Both Blown Insulation and Batt Insulation have pro’s and con’s to them.  Are you going to do the install yourself or are you going to hire a professional?  If you are planning on doing it yourself, Blown Insulation is the easiest way to go.  You can rent the blowing machine from your local hardware store, and get the machine rental for free if you buy so many bags of insulation, but they make their money selling you the insulation.  You will also need gloves, eye protection and a mask.  You will also need a second person helping to feed the bags of insulation into the machine as you are in the attic spreading the insulation.  Before you begin, inspect the attic for any voids or holes (common air leaks) in the floor leading to the house an seal them with a can of foam sealer.  The Blown Insulation is shot out through a hose that is connected to the blowing machine.  The insulation comes out quickly and at a length of about 5-7 feet.  The advantage of using Blown Insulation in your attic compared to batt insulation is that you are able to get the insulation fibers into all the nooks and crannies.

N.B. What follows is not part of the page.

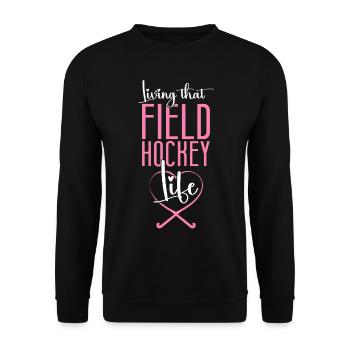 Le hockey sur gazon sur le terrain - Sweat-shirt Unisexe - noir - Devant - Alina (178cm) & Michal (187cm)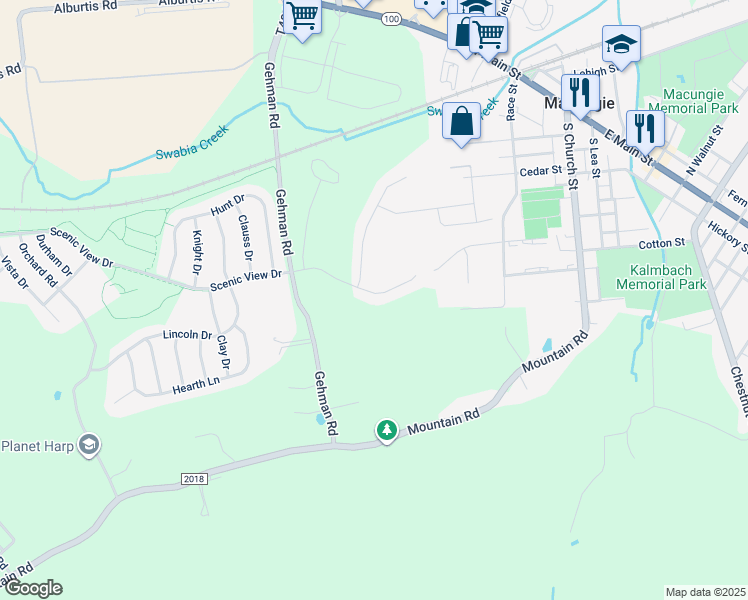 map of restaurants, bars, coffee shops, grocery stores, and more near 6566 Scenic View Drive in Macungie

Batt Insulation can leave gaps and areas that you cannot reach due to crawl space restrictions, but can be easy to install if you have plenty of attic space to move around in  Each roll covers about 33 per square foot. If you are going to use batt insulation, I would recommend using Owens Corning R-30 Batt Insulation. We always purchase online because it is cheaper than buying from the major home improvement stores and it gets shipped directly to us. A disadvantage to using Blown Attic Insulation is that some areas might be taller (provide more  R-value protection) in some places and shorter in others.  With Batt Insulation, the batts are all the same thickness and provide a uniform R-value.  Time spent adding Blown Insulation in the attic can be 2-3 hours (depending on size of attic and crawl space.  Batt Insulation can be more expensive because it takes longer to install, but you can easily do yourself and save some money.  Batts (or Rolled Insulation) come in rolls or square section and are installed directly on the attic floor and they are placed between the ceiling joints of your house. Batts are rectangular pieces 4-8 feet in size and are manually placed one by one, until the floor of your attic gets covered completely. Maybe the most important advantage that rolled-in insulation has over blown-in insulation is the fact that it is easy to remove should you decide in the future that additional work must be done in your attic.

What Does Insulation Do?

Insulation basically stops heat from getting into your house in the summer and helps heat from escaping in winter.  The insulation absorbs the heat and slows its movement in the house. Insulation does not completely block the transfer of heat, it simply slows it down.  Radiant Barrier can help stop the heat from getting into your attic. How well a particular insulation material works is based on its R-value. A material with a higher R-value will be a better insulator than a material with a lower value.  Higher R-value insulation will be able to prevent more heat transfer into the house or building. Check with Energy Star to see the R-value minimums for your area of the country.  Here in San Antonio, Texas, our minimum is R-30 for attics and R-12 for exterior walls.